The first two days of training camp leaned heavily toward the systems side of the game, aimed primarily at the skaters, but Vellucci stressed the importance of those drills on the netminders as well.

“They need to know what’s going on in our system too,” he said. “A good goaltender has good hockey sense, in my opinion. So they need to know what’s going on in those drills. But they get out before and they stay out after as well and the goalie coaches are working well with them.”

The Charlotte crease will only get more crowded from this point, as the Hurricanes are still carrying three goalies for their preseason slate. With veteran Jeremy Smith more than likely being the one to head down to Charlotte prior to the start of the year, there will eventually be four goalies vying for two spots on the Checkers roster.

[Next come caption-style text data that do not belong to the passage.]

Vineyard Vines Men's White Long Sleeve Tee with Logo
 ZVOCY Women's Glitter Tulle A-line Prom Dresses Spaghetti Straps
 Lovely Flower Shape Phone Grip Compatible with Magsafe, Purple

In the meantime, the message to the young netminders is simple.

“Just play your game,” said Vellucci, “Get used to the American League and make sure you’re ready.”

In other training camp news


The Checkers continue to boast a large number of skaters during camp, with several of them trying to earn themselves a spot on Charlotte’s roster for opening night. But there are only so many available slots.

“Like [Hurricanes GM] Ron Francis said earlier this year, we have a lot of competition this year,” said Vellucci. “There’s a lot of contracted guys and some of them are going to end up with Florida in the ECHL.”

Despite what some might think, heading down a level isn’t a death sentence. Far from it, in fact.

“I use [Josh] Wesley and [Clark] Bishop last year as examples,” said Vellucci. “Bish will tell you, he was disappointed, but when he went there he was a lot better when he came back. He was more prepared for the American League. Yeah it stinks at the beginning but as long as you have a good frame of mind and work at your game, when you come up you’re going to be ready and certain that you don’t want to go back. It’s not the end of the world, it’s a good opportunity.”

Everblades head coach Brad Ralph, who has been on the ice for both training camp sessions thus far, has sculpted a strong team in Florida, and the Checkers look to utilize that to build up those fringe players who may not make the cut initially.

“We have a lot of competition here,” said Vellucci. “Whoever is going to survive right now is going to be here and whoever is not is going to go to Florida and try to get better and when it’s time to come back they’ll be ready.”


One of those players battling for a spot on the team is forward Nick Schilkey. The 23-year-old wrapped up an impressive four-year career at Ohio State last season and inked an AHL deal with the Checkers over the summer.

After an impressive stint at the prospect tournament in Traverse City last month, Schilkey earned himself a spot at Carolina’s training camp, the only AHL-contracted player there.

“I thought I had a really good camp up in Raleigh,” said Schilkey. “It was good to be up there, a good experience.”

Despite coming in as a rookie, that extended look helped give the Michigan native some familiarity going into Checkers camp.

“It was good to go to Traverse City and get to know a lot of the guys that are here,” said Schilkey. “Then obviously getting to play up there with that speed and detail was good to have that then come down here and make it translate. But I was excited to get down here and get after it with all these guys.”

Aside from his teammates, Schilkey has benefitted from spending considerable time in front of Vellucci, who has been on the ice throughout the rookie’s whole path.

“Up in Traverse City with him behind the bench, it was good to get to know how he’s going to be coaching,” said Schilkey.

All that is in the past now, however, and Schilkey is back to fighting to stay in Charlotte. As the number of players increases and impending cuts grow closer, the rookie knows what he needs to do to stand out.

“It’s just a matter of working hard every time you get on the ice, skating fast and playing how they want you to play, hard and fast,” said Schilkey. “That’s what they want you to do in these practices, then let the chips fall where they may.”